New Position of National Association of Evangelicals Shows Cracks in Death Penalty Support

Recognizing that "a growing number of evangelicals now call" for a shift away from the death penalty, the National Association of Evangelicals - an umbrella group for congregations representing millions of evangelical Christians in the United States - has backed away from its prior strong support for capital punishment. A newly adopted NAE resolution states, "Evangelical Christians differ in their beliefs about capital punishment, often citing strong biblical and theological reasons either for the just character of the death penalty in extreme cases or for the sacredness of all life, including the lives of those who perpetrate serious crimes and yet have the potential for repentance and reformation. We affirm the conscientious commitment of both streams of Christian ethical thought." The resolution says "Nonpartisan studies of the death penalty have identified systemic problems in the United States" and expresses concerns about "the alarming frequency of post-conviction exonerations." Previously, the NAE had been entirely supportive of the death penalty. Shane Claiborne, an evangelical Christian author and activist, called the NAE's change, "a big deal," saying, "For evangelicals, one of the core tenets of our faith is that no one is beyond redemption. The death penalty raises one of the most fundamental questions for evangelicals: Do we have the right to rob someone of the possibility of redemption?" According to a Pew Research Center poll from March 2015, white evangelical Protestants were more supportive of the death penalty than any other group, with 71% in favor, although support had dropped 6 percentage points since 2011. 
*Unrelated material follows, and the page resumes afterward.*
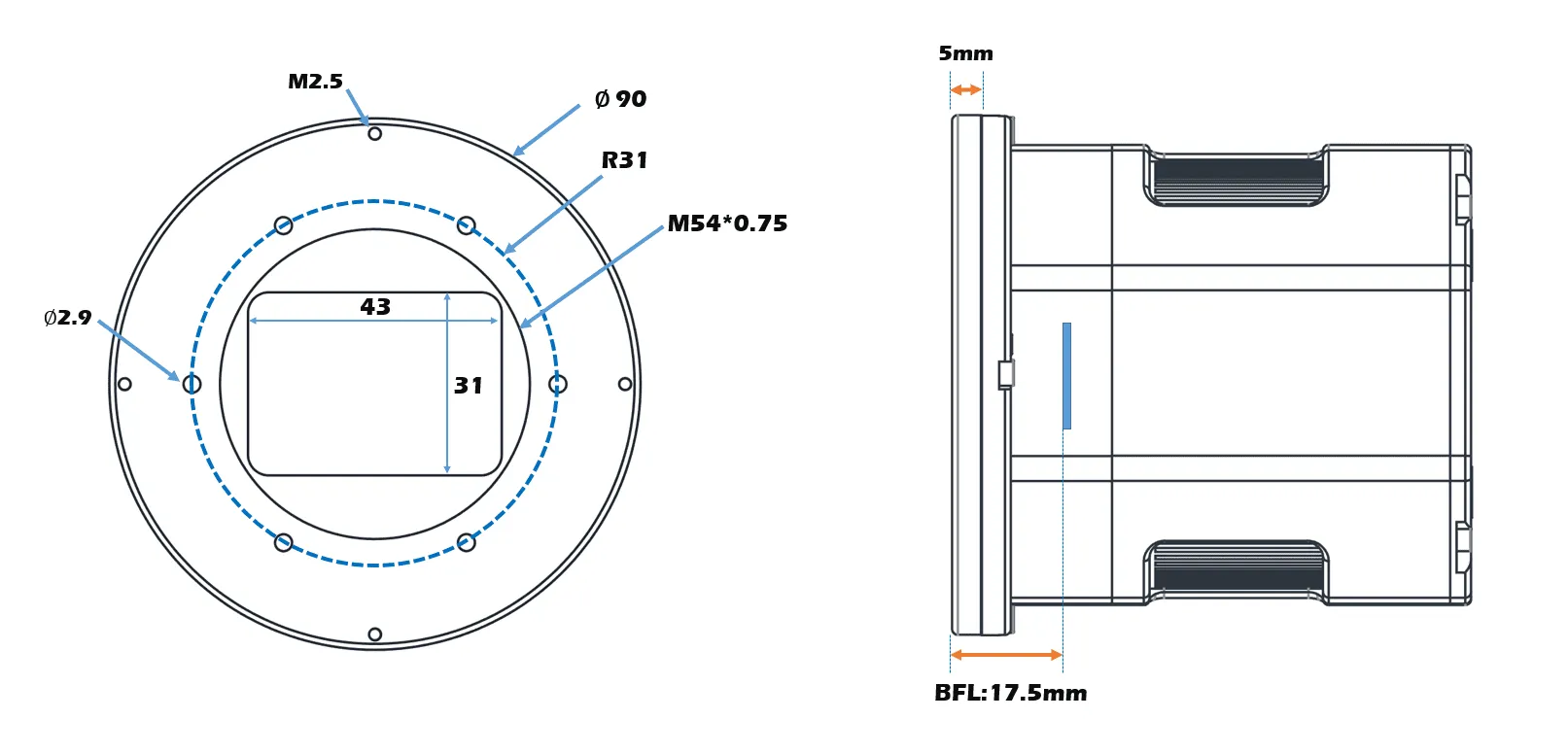 Dimensions, optical spacing and package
Pope Francis Calls Death Penalty Inappropriate "No Matter How Serious the Crime"

In a letter to the President of the International Commission Against the Death Penalty, Pope Francis expressed the Catholic Church's opposition to the death penalty, calling it "inadmissible, no matter how serious the crime committed." He continued, "It is an offence against the inviolability of life and the dignity of the human person, which contradicts God's plan for man and society, and his merciful justice, and impedes the penalty from fulfilling any just objective. It does not render justice to the victims, but rather fosters vengeance." He acknowledged society's need to protect itself from aggressors, but said, "When the death penalty is applied, it is not for a current act of aggression, but rather for an act committed in the past. It is also applied to persons whose current ability to cause harm is not current, as it has been neutralized -- they are already deprived of their liberty." He also addressed questions of methods of execution, saying, “There is discussion in some quarters about the method of killing, as if it were possible to find ways of 'getting it right'. … But there is no humane way of killing another person.” The pope had previously offered remarks in opposition to the death penalty when he spoke to the International Association on Penal Law in October 2014.
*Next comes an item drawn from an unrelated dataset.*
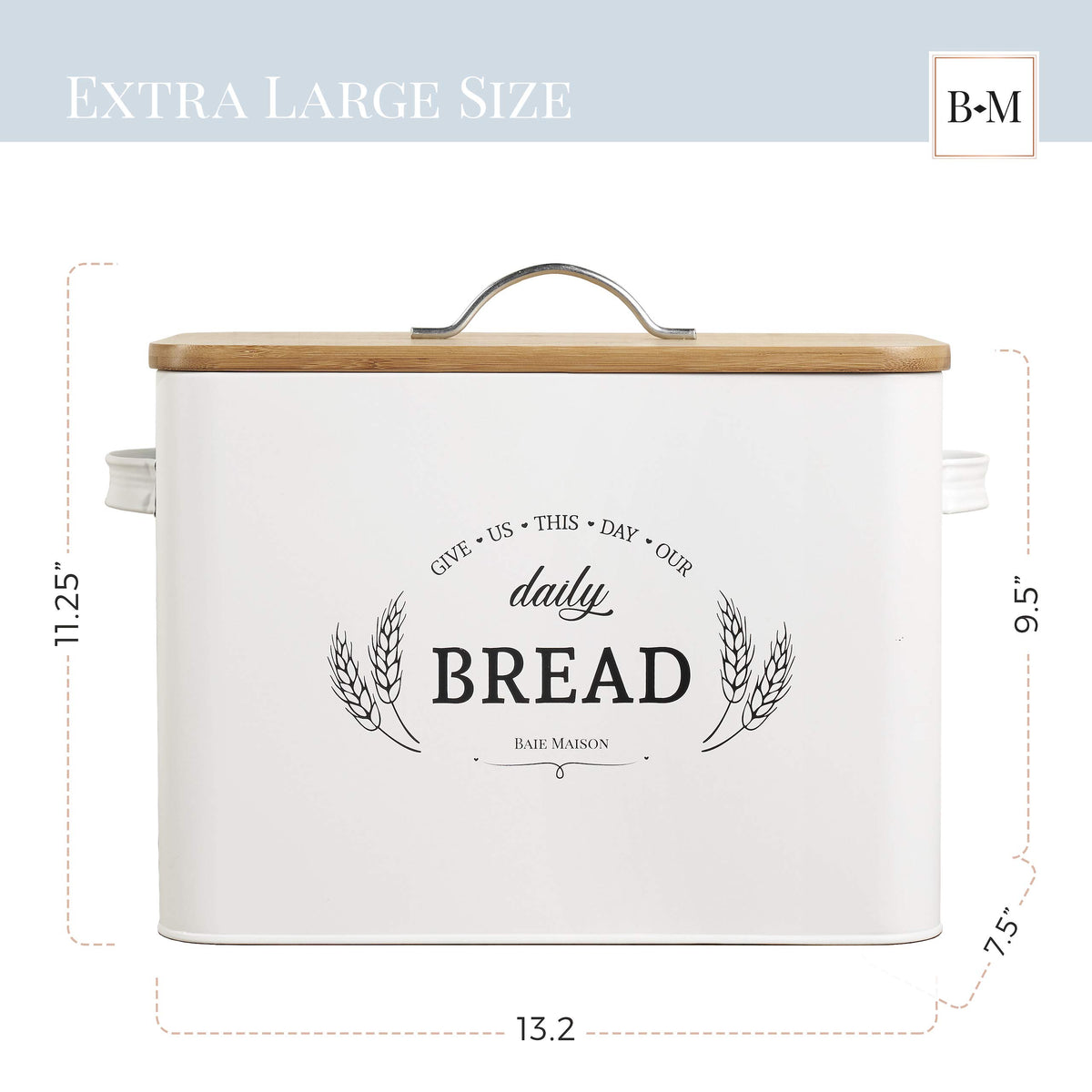 Extra Large White Farmhouse Bread Box with Canisters Set of 3 B4133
EDITORIALS: Four National Catholic Journals Urge End to Capital Punishment

In an unusual joint editorial on March 5, four national Catholic publications called for an end to the death penalty in the U.S. The editors of America, National Catholic Register, National Catholic Reporter, and Our Sunday Visitor urged "the readers of our diverse publications and the whole U.S. Catholic community and all people of faith to stand with us and say, 'Capital punishment must end.'" Citing opposition to the death penalty in the Catechism of the Catholic Church and statements by Popes John Paul II and Francis, the editorial said, "The practice is abhorrent and unnecessary. It is also insanely expensive, as court battles soak up resources better deployed in preventing crime in the first place and working toward restorative justice for those who commit less heinous crimes." The publications concluded: "We join our bishops in hoping the [Supreme] court will reach the conclusion that it is time for our nation to embody its commitment to the right to life by abolishing the death penalty once and for all."